*EXERCISE DETAILS*
What you return should be the full listing, word for word, without a single image.

*THE DATA*
· · · · ·

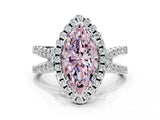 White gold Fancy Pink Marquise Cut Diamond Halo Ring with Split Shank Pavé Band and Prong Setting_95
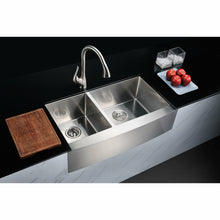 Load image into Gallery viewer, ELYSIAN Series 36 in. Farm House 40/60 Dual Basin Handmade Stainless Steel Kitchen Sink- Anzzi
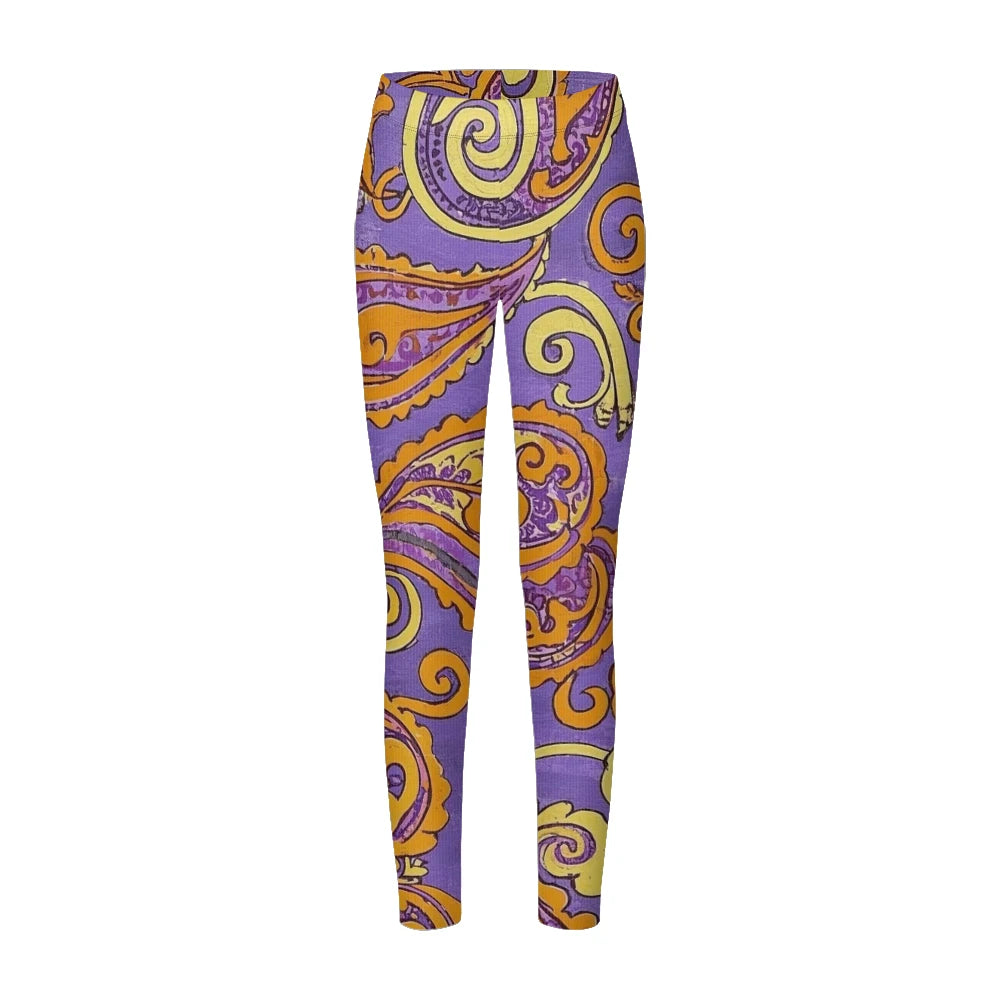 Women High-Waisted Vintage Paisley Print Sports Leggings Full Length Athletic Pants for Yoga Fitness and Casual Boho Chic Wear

· · · · ·

*OUTPUT FOR THIS TASK*
 White gold Fancy Pink Marquise Cut Diamond Halo Ring with Split Shank Pavé Band and Prong Setting_95
 Load image into Gallery viewer, ELYSIAN Series 36 in. Farm House 40/60 Dual Basin Handmade Stainless Steel Kitchen Sink- Anzzi
 Women High-Waisted Vintage Paisley Print Sports Leggings Full Length Athletic Pants for Yoga Fitness and Casual Boho Chic Wear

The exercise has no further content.